Nice but I never had a Vespa. We had a 150cc Lambretta on which we travelled with camping gear from Glasgow to Belgium and back. I rather fancy a Vespa now in my old age but I don't think that will ever happen.


----------



## Drago (1 Jul 2020)

Over 3 decades ago I had a GSXR1100. One day I was razzing up the A5 when in the distance I spotted a group of a dozen or so scooter boys putt putting up the road. I dropped a gear and gunned it and shot through the middle of the group at a three figure speed closer to having a 2 at the beginning than a 1. I looked in my mirrors to see them wobbling all over the place like well dressed skittles.

Despite such loutish behaviour, I actually like scooters.


----------



## davidphilips (2 Jul 2020)

Lol Drago wonder how many of the scotter boys remember looking for some where to buy new under wear?


----------



## Kempstonian (2 Jul 2020)

Drago said:


> Over 3 decades ago I had a GSXR1100. One day I was razzing up the A5 when in the distance I spotted a group of a dozen or so scooter boys putt putting up the road. I dropped a gear and gunned it and shot through the middle of the group at a three figure speed closer to having a 2 at the beginning than a 1. I looked in my mirrors to see them wobbling all over the place like well dressed skittles.
> 
> Despite such loutish behaviour, I actually like scooters.


I had a Lambretta GT200. Didn't do much 'putt putting' on that. It was quick for a scooter but still slow compared to your machine, although on a gradual descent on the A1(M) approaching Biggleswade (where I worked) I used to get it off the clock.. probably around 80-85mph. That was fast enough for me on a scooter. Problem is scooters aren't at all aerodynamic!


----------



## rogerzilla (6 Aug 2020)

Ah, an Italian hairdryer. Are you going to fit 24 rear-view mirrors and a ginormous aerial with a fox tail on the end?


----------



## Gunk (6 Aug 2020)

Nice, however I don’t quite get the relevance of the Campagnolo stickers.


----------



## Drago (6 Aug 2020)

The Campagbolo stickers indicated the alternative mode of transport he uses when the scooter is not working. Consider it a stylish alternative to an AA grille badge.


----------



## MarkF (7 Aug 2020)

I don't like the disc brake, why would you do that and not just buy a PX or a cheap LML? I like it......... but I preferred it before, sorry the disc front ruins it for me. I have a 1962 Gran Lusso, I know the brakes are useless but it looks better and that is what is more important to me.


----------



## rogerzilla (7 Aug 2020)

Gunk said:


> Nice, however I don’t quite get the relevance of the Campagnolo stickers.

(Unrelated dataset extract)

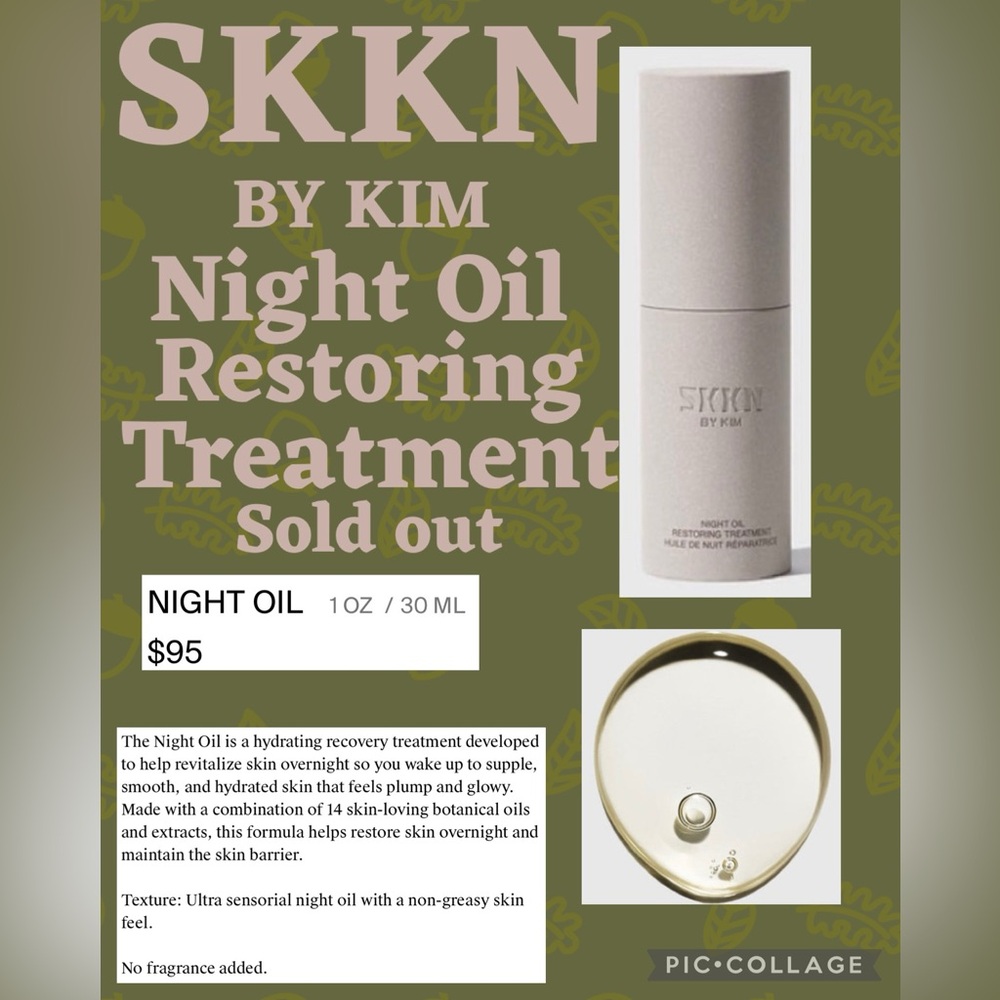 SKKN BY KIM NIGHT OIL RESTORING TREATMENT NEW-Sold out online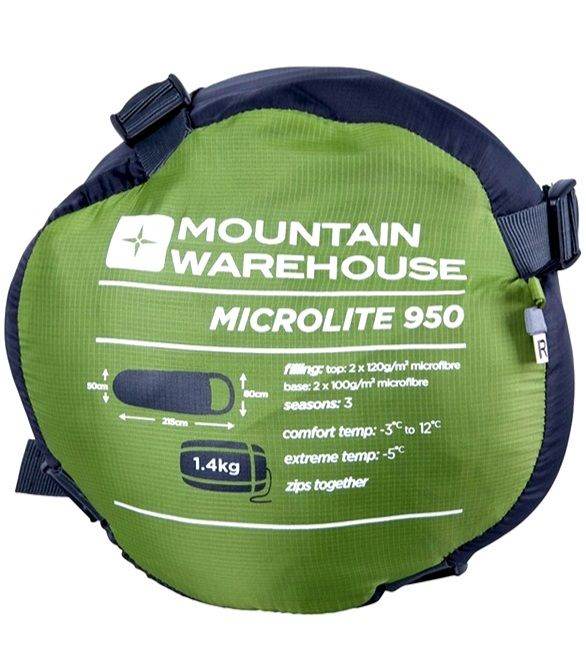 Sleeping bag Mountain Warehouse 950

Did they ever make wheels for scooters? They did for cars.


----------



## Kempstonian (7 Aug 2020)

rogerzilla said:


> Ah, an Italian hairdryer. Are you going to fit 24 rear-view mirrors and a ginormous aerial with a fox tail on the end?


Actually its 24 lights and half a dozen mirrors!


----------



## Dave7 (7 Sep 2020)

@3narf . I am totally useless at anything mechanical but I think its a beautiful machine.
Having said that.......back in 1964 it would not have looked right with my ice blue jeans, tab collar shirt, blue serge waistcoat and cuban heels..........it had to be a motor bike


----------



## 3narf (8 Sep 2020)

MarkF said:


> I don't like the disc brake, why would you do that and not just buy a PX or a cheap LML? I like it......... but I preferred it before, sorry the disc front ruins it for me. I have a 1962 Gran Lusso, I know the brakes are useless but it looks better and that is what is more important to me.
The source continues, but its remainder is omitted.